All eyes have been on New Zealand over the last few months. All rugby lovers’ eyes anyway. And in this house, buckets of New Zealand wine have been downed, too. Any excuse and all that. Besides, nobody I know is going to want to drink Kiwi beer.
My various neighbours in the Crescent are a thirsty lot and, since none of them has a proper job, it’s remarkable how early they’ve been prepared to wet their respective whistles. No matter that whatever match we were watching might have had a 9am kick-off, there were as many calls for Kiwi pinot noir with the trays of bacon sandwiches as there were for Heinz tomato ketchup.
It must be admitted, though, that a well-made bacon sarnie really is all the better for being partnered by a fine pinot noir, whatever time of day you fancy it. A pinot, say, from the ubiquitous but really very good indeed Villa Maria, or (marching up the scale a bit) Craggy Range, Seresin Estate, Mt Difficulty or Felton Road.
And having done my in-depth researches through several rugby breakfasts, I have discovered that a decent Kiwi pinot is also ideal fare for early-morning wine drinkers since the wines tend to be soft, silky, smooth, elegant and easy on the palate, without any of the searing acidity that would make a sauvignon blanc too sharp at such an early hour, and without any of the mouth-puckering tannin (of which I get plenty from my wife’s tea), which would make a syrah too boisterous and tough.
It’s not that I particularly favour early morning drinking, nor – before the Portman Group gets on my back – that I advocate it. It’s just that if you were thinking of indulging in such a thing, New Zealand pinot noir is where I would suggest you started. Well, there, or a nice chilled demi-sec champagne. Or now I come to think of it, maybe a bellini (prosecco and white peach juice) or a JoJo (prosecco and fresh strawberry juice), both of which are utterly delicious with warm almond croissants. But I digress.
The last few weeks have further cemented our love affair with New Zealand’s winemakers if not their rugby players. The UK is already the world’s biggest market for their wines. We nab around a third of all their exported bottles, added to which we’re prepared to pay far more per bottle of New Zealand wine than we are for any other: £6 on average, compared to £5.50 for the second-placed French, £4.50 for Australian and – God knows what folk can be drinking or where they’re getting it from – £3.50 for German. New Zealand is the best-performing country in Majestic, Waitrose,
Ocado and Laithwaites.
And it’s all happened so quickly. In 2002 there were 398 wine companies in New Zealand; today there are 698. In 2002, they produced 89 million litres of vino; this year they produced 235 million. And consider this: sauvignon blanc – the grape that initially put New Zealand on the wine map – was first planted there as recently as 1974. And yet some would argue New Zealand sauvignons are now the best in the world.

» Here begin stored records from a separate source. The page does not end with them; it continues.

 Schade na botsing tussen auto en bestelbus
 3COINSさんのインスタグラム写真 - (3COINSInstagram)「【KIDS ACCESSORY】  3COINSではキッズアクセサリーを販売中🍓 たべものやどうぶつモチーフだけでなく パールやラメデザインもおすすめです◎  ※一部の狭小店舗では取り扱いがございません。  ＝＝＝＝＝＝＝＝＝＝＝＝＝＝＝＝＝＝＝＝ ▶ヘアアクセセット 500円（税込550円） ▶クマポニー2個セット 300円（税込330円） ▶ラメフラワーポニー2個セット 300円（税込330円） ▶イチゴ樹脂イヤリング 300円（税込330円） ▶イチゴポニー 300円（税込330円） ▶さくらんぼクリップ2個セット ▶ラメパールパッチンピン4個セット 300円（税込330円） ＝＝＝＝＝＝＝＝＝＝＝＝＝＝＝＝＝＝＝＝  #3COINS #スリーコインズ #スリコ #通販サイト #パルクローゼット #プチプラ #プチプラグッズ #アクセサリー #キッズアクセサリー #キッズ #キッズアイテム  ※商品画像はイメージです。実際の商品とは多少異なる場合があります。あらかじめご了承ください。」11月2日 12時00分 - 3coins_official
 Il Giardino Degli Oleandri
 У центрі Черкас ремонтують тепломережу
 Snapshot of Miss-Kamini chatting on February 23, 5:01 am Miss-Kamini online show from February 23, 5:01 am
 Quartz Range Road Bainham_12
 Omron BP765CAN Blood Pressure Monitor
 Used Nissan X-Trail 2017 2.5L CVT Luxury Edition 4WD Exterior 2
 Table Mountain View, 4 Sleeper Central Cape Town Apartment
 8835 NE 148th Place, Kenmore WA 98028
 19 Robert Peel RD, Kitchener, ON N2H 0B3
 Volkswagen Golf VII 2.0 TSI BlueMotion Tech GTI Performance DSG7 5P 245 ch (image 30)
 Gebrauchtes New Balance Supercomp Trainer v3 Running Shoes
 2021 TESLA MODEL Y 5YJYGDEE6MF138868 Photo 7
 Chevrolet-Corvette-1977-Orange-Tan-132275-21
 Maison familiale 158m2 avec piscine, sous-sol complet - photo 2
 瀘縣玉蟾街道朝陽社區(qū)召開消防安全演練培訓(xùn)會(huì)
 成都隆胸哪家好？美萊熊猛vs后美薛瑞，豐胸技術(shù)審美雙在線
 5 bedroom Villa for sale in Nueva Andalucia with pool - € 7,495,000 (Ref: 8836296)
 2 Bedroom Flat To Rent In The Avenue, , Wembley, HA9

Then there are the exceptional pinot noirs of Martinborough, Central Otago and, increasingly, Marlborough, as well as the remarkable bordeaux blends and syrahs of the Gimblett Gravels in Hawkes Bay. There’s no doubt at all that the best examples of these are world-beaters.
I was at a blind tasting a couple of years ago comparing the top 2005 clarets against some 2006 Gimblett Gravels blends. It was no surprise that 2005 Château Lafite-Rothschild (at £975 a bottle) came first, that 2005 Château Mouton-Rothschild (£675) came second nor that 2005 Château Angelus (£295) came third.
What completely staggered us all was that 2006 Sacred Hill Helmsman, at an absurdly modest £18 a bottle, came fourth. Newton Forrest Cornerstone 2006 (£15) came sixth, only a couple of points behind the 2005 Château Haut-Brion (£700).
One of my very favourite wineries, Craggy Range, released its 2009 Prestige Collection in June and this is its best vintage yet. Craggy Range may be pricy but it’s exceptionally high quality and half the price of any equivalent French wine. And it’s a lot rarer, too – fewer than 500 cases of its chardonnay were made.
There’s so much to enjoy in New Zealand. If you’ve tried a Marlborough sauvignon blanc and liked it, why not try a chenin blanc from Gisborne, say, a pinot gris from Nelson or a merlot from Auckland?
The wines get better and more varied every year. And you don’t have to have them for breakfast. Unless, of course, you want to.